- Church: Ukrainian Greek Catholic Church
- Appointed: January 6, 2006
- Term ended: July 9, 2026
- Predecessor: Michael Bzdel
- Successor: Michael Kwiatkowski
- Other posts: Apostolic Administrator of Saskatoon (2022-2024), Bishop of Edmonton (1997–2006)

Orders
- Ordination: August 28, 1977 (priest)
- Consecration: April 3, 1997 by Michael Bzdel

Personal details
- Born: Daniel Huculak January 25, 1951 (age 75) Vernon, British Columbia, Canada
- Coat of arms: Lawrence Huculak's coat of arms

= Lawrence Huculak =

Lawrence Daniel Huculak (born January 25, 1951) is a Canadian Ukrainian Catholic hierarch who served as a Metropolitan of the Ukrainian Catholic Archeparchy of Winnipeg from 2006 until 2026. Previously he served as an Eparchial Bishop of Edmonton since 1997 until 2006.

==Biography==
In 1969 Huculak entered the Order of St. Basil the Great in Mundare, Alberta. He earned a Bachelor of Arts with a concentration in philosophy from the University of Ottawa in 1974, and then studied at the Pontifical Athenaeum of Saint Anselm.

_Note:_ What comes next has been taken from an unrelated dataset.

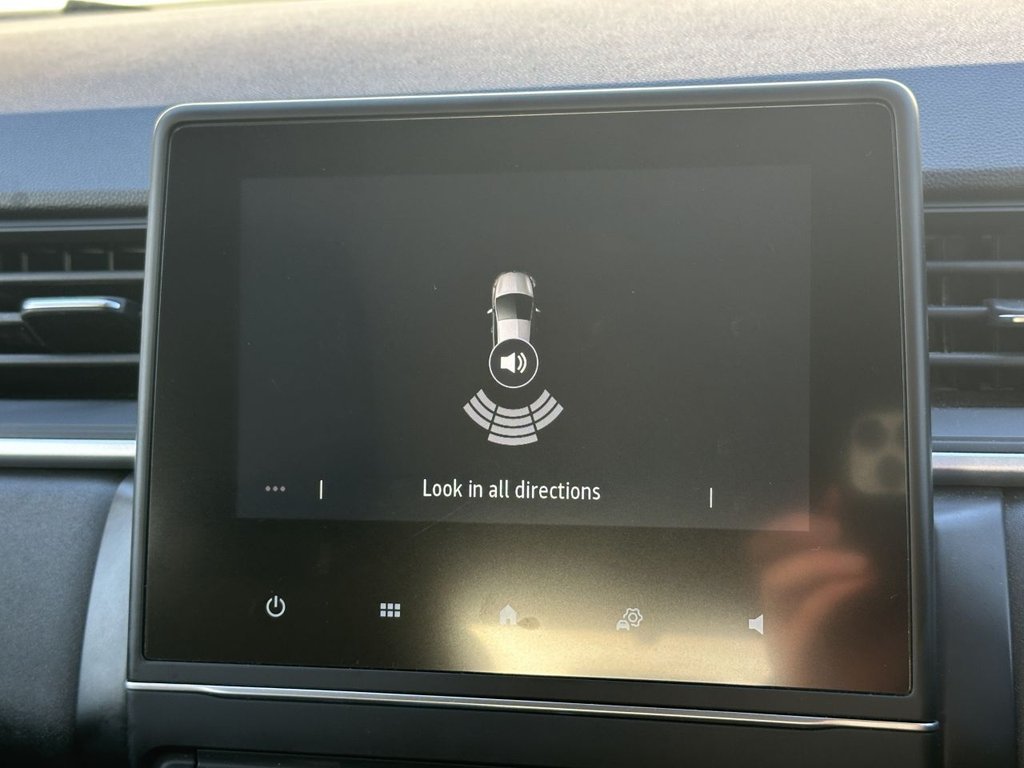 Used Renault Captur 2021 for sale - 76768111: Photo 19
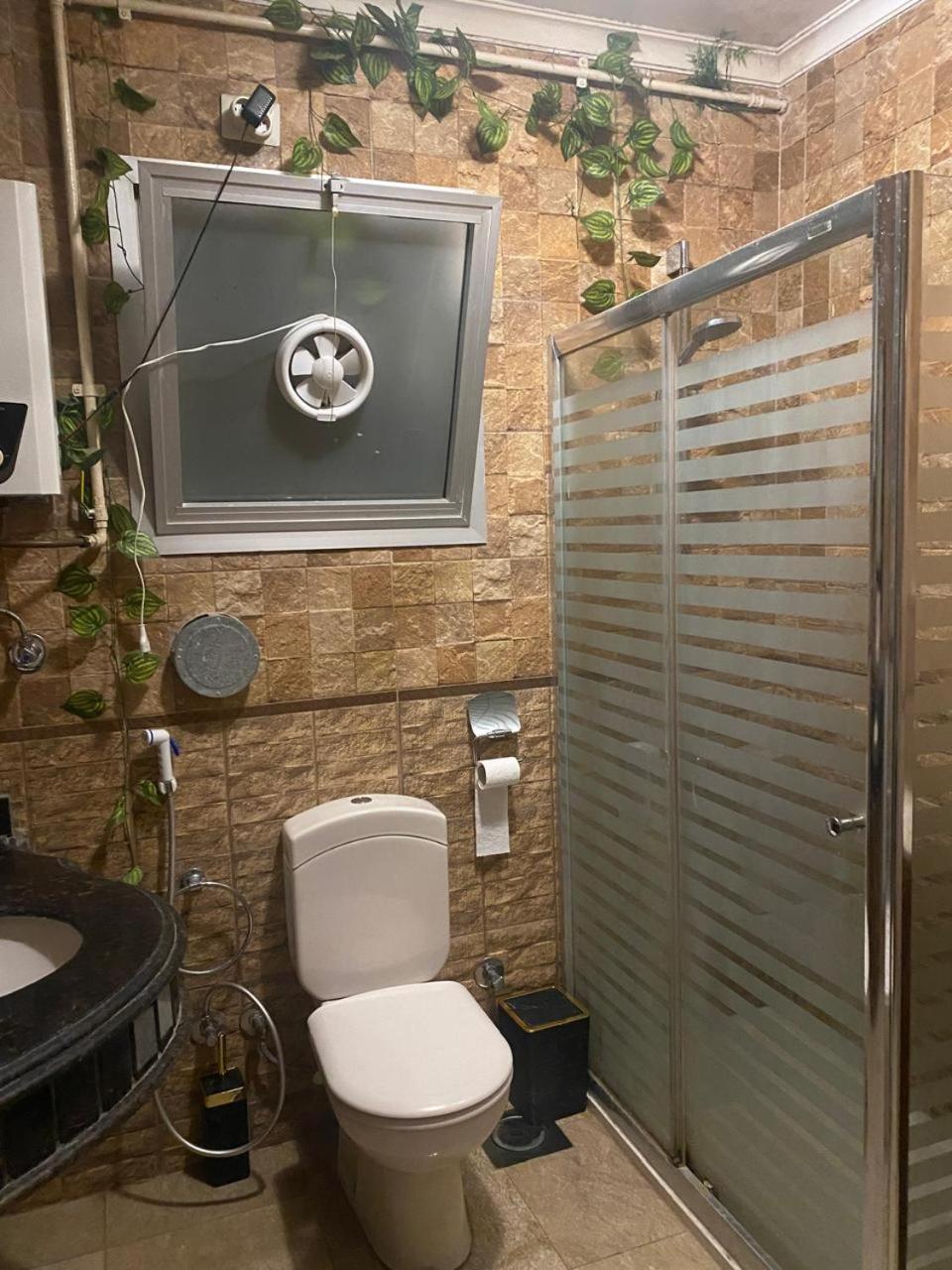 Females Only Private Bedroom With Me Rehab Cairo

He was ordained a priest on August 28, 1977, and was ordained as the Eparchial Bishop of Edmonton on 3 April 1997.

He was appointed Metropolitan of Winnipeg on 9 January 2006 and installed on 11 February 2006. He holds a doctorate in eastern liturgy from the Pontifical Oriental Institute in Rome.

As of 2024 he has been a priest for 47 years, and 27 years as a bishop. In 2019 he became the second longest-serving metropolitan archbishop of Winnipeg, after Metropolitan Maxim Hermaniuk, who served for 36 years.

On April 28, 2022, he was named Apostolic Administrator of the Eparchy of Saskatoon.

On July 9, 2026, he retired as Metropolitan Archbishop of Winnipeg because of the age limit and was succeeded by Michael Kwiatkowski.